WHAT IS EXPECTED: Copy all records precisely, apart from the pictures.

ENTRIES SUPPLIED:
Segment Open
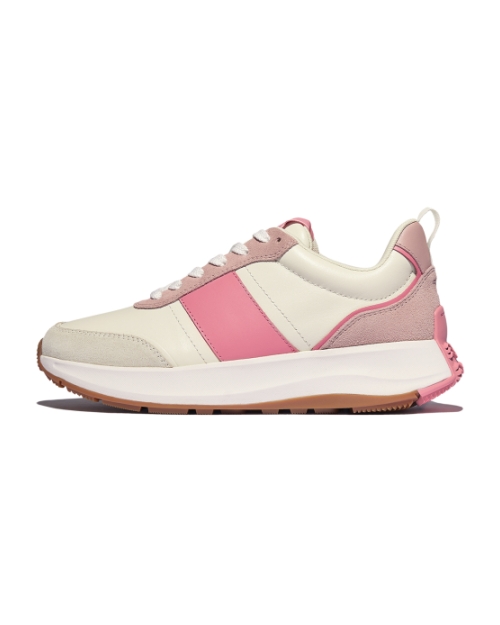 F-Mode Flow Sneaker - Leather & Suede Mix Cream/Pinkperfect
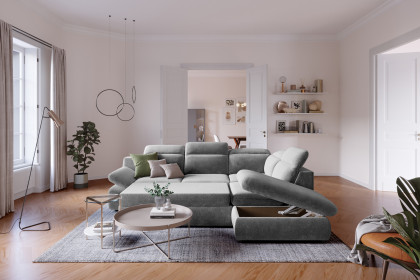 Lorena von COTTA - Couchgarnitur rechts steel
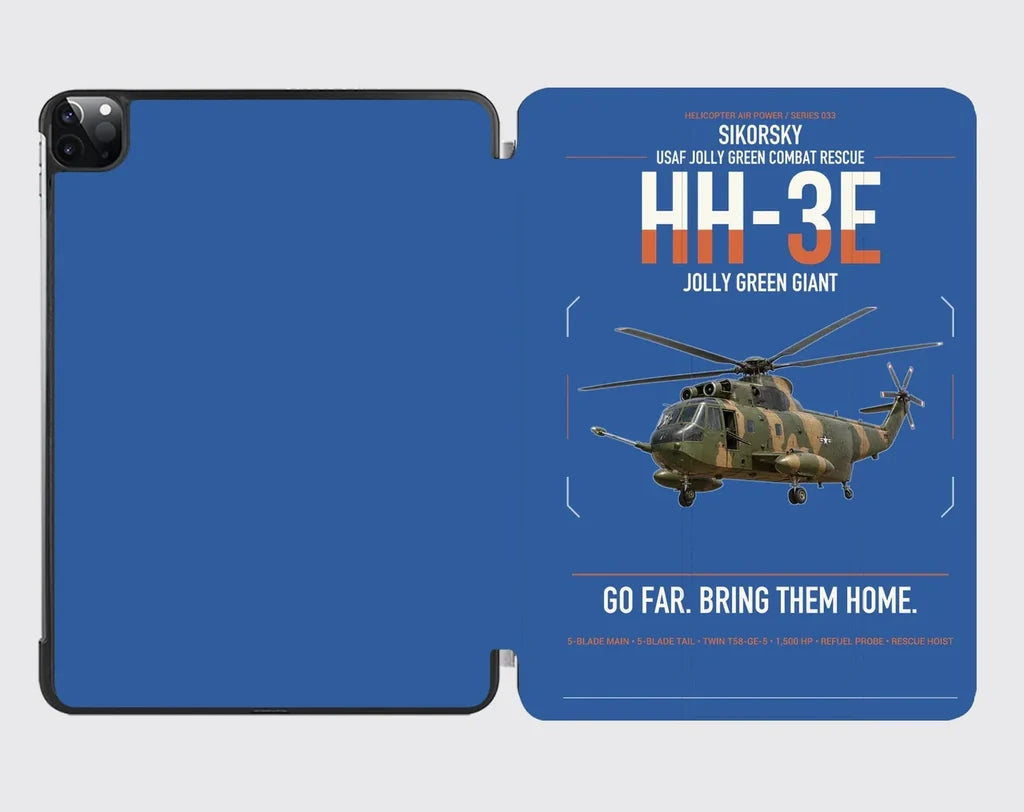 Sikorsky HH-3E Jolly Green Giant design on blue ipad tablet case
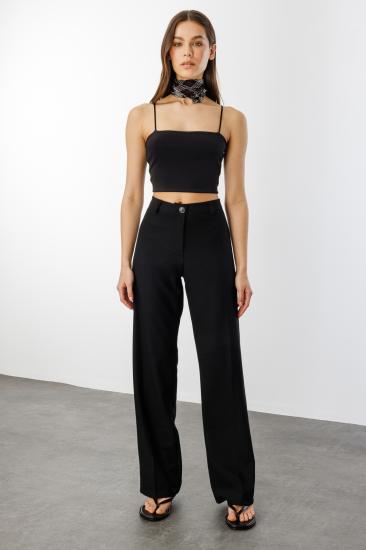 Kadın Yüksek Bel Wide Leg Kumaş Pantolon PANTOLON-004-Siyah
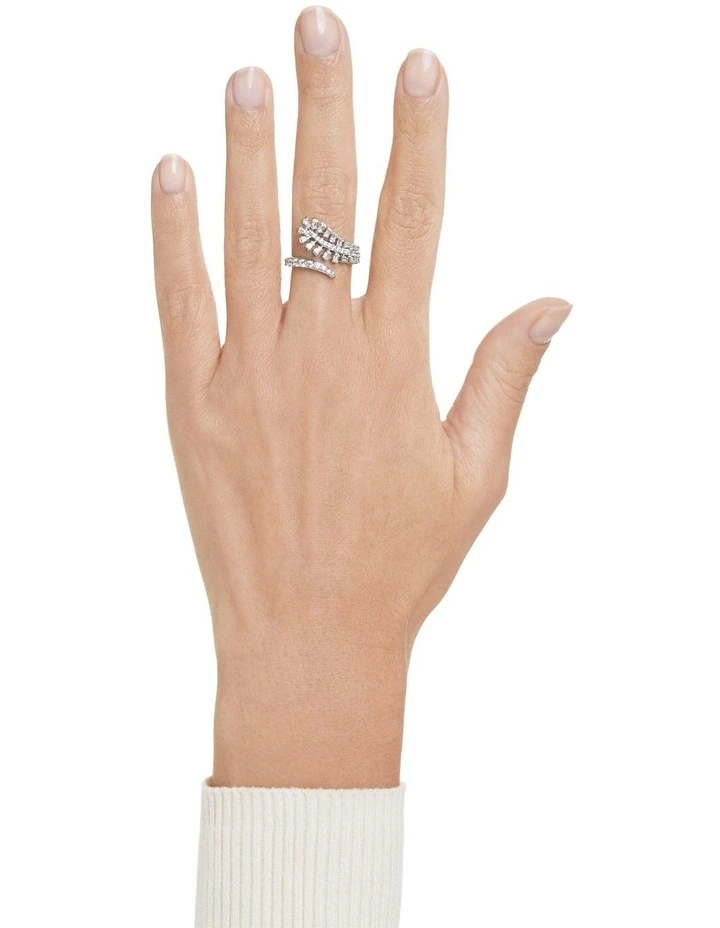 Vienna open ring Mixed cuts Feather Rhodium plated in White image 5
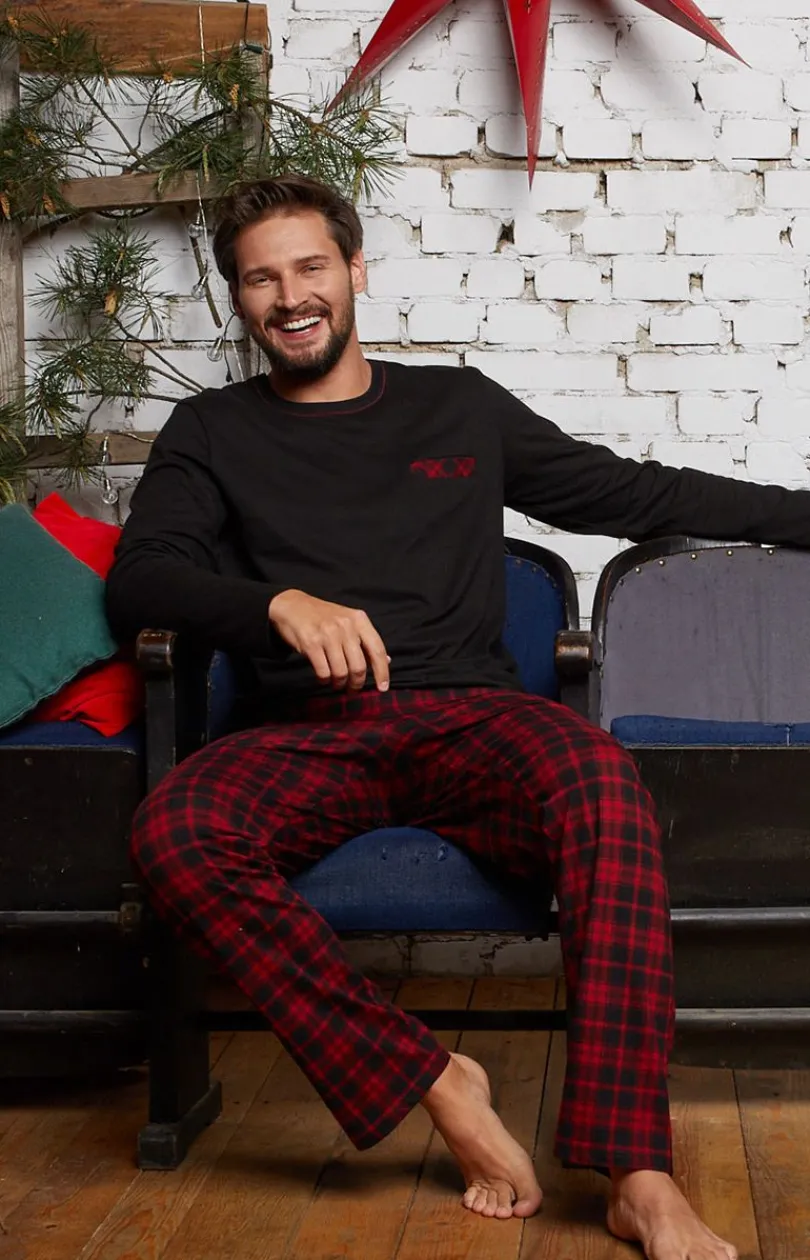 Męskie Italian Fashion Piżamy Męskie - Piżaa ęska z długi rękawe i długii nogawkai Zean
Segment Closed
RESPONSE:
 F-Mode Flow Sneaker - Leather & Suede Mix Cream/Pinkperfect
 Lorena von COTTA - Couchgarnitur rechts steel
 Sikorsky HH-3E Jolly Green Giant design on blue ipad tablet case
 Kadın Yüksek Bel Wide Leg Kumaş Pantolon PANTOLON-004-Siyah
 Vienna open ring Mixed cuts Feather Rhodium plated in White image 5
 Męskie Italian Fashion Piżamy Męskie - Piżaa ęska z długi rękawe i długii nogawkai Zean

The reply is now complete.